What feels key here is the nuance in the connection between Ellen and Orlok. It would be easy to try to shrug off this reading by simply pointing out that Ellen seems drawn to him, too. In this emotive confrontation scene, she’s pulled in close to him, described as being lustful but then disgusted by herself. But the very nature of trauma is that it is a complex thing. After being attacked by Orlok when she was just a girl, his violence and darkness seemed to shape her concept of love and sex.

It’s in the moments when her husband is away that memories of Orlok take a tighter grip on her as if her fear that she is losing her love makes her revisit the dark and horrific first experiences she had. When he returns, she then tries to push him away, screaming, “We should never have married!

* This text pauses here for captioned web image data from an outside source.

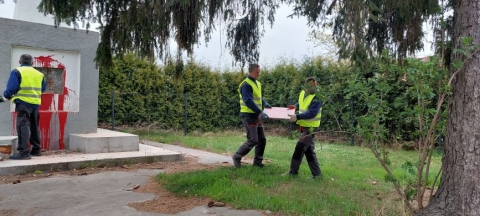 Runął pomnik poświęcony Armii Czerwonej w Garncarsku w gminie Sobótka - 2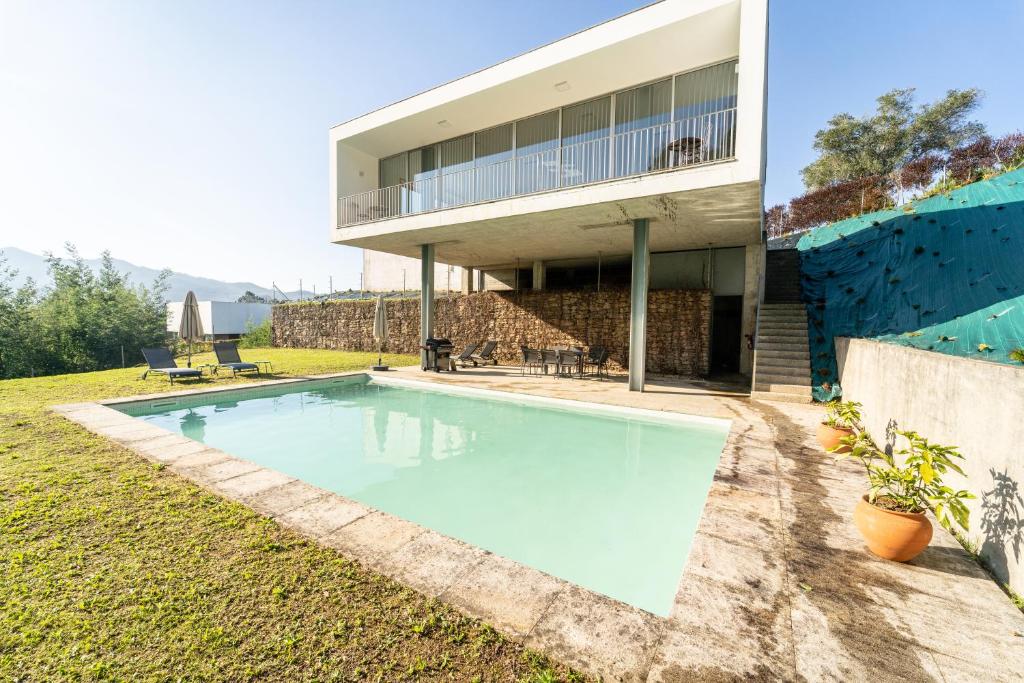 Santo Amaro - V3 privada com piscina, localizada junto ao Golf - Ponte de Lima Rua Do Pinhal, 4990-625 Ponte de Lima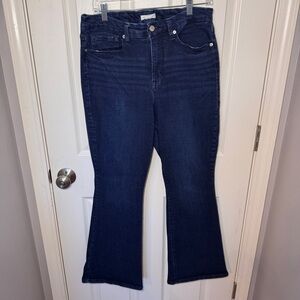 Good American Good Petite Flare Jeans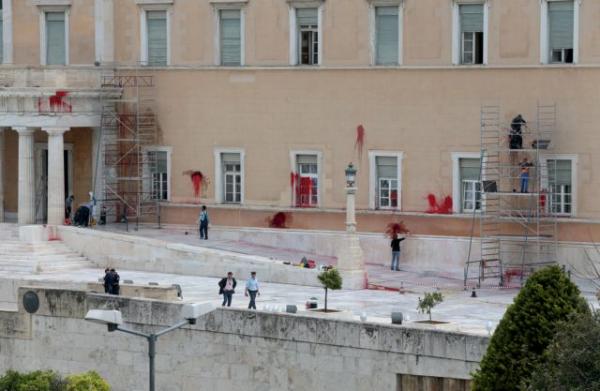 Νέο περιστατικό στη Βουλή μετά την επίθεση του «Ρουβίκωνα»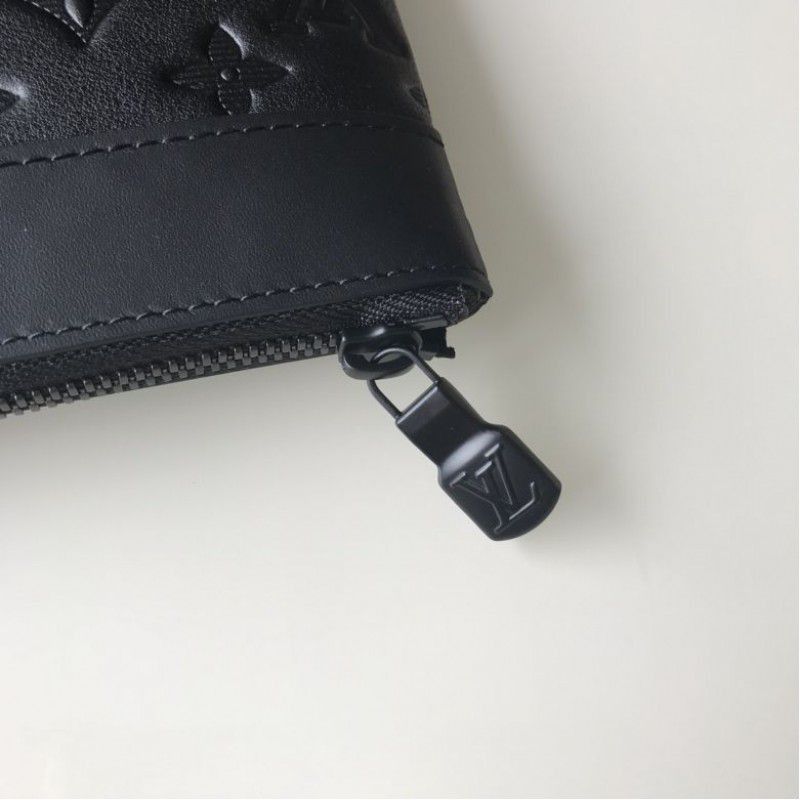 Discovery Pochette Monogram Shadow M62903 - Image 7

We are already dead!” as she believes the effect Orlok has had on her has doomed her chance at any happiness. She weeps devastatingly, “Keep away from me – I am unclean”, as one of the lines that feels most impactful in his tale of a young woman trying to live a life of happiness and love but feeling plagued by trauma as Orlok and his impact will not let her go. 

Throughout her various breakdowns and the times she lashes out or even seems to lust for Orlok, Ellen is a perfect example of complex PTSD. While cinema is so used to depictions of sexual assault victims being meek and sad, that’s too simple. The impact of sexual assault, or any trauma, is messier. It can make a person angry, sad, hypersexual, guarded, scared, scary. It can make a person want to run into the arms of the person who attacked them because maybe it feels darkly comforting, or maybe they feel that’s all they deserve, like Ellen, who has become utterly convinced that she is cursed or unclean, eventually surrendering herself as she blames herself for the plague set upon her friends and city.

But as Eggars points out, by starting the film with Ellen’s attack and by dedicating so much screen time to her in varied states of distress as well as resolve, strength and kindness, she is more than Orlok’s “affliction” or a doomed love interest hungering for darkness; she’s a person complexly impacted by his violence. Or, as her friend so beautifully puts it, “She is blameless of her malady,” as a Victorian way of saying she stands with Ellen as the victim of Orlok’s assault.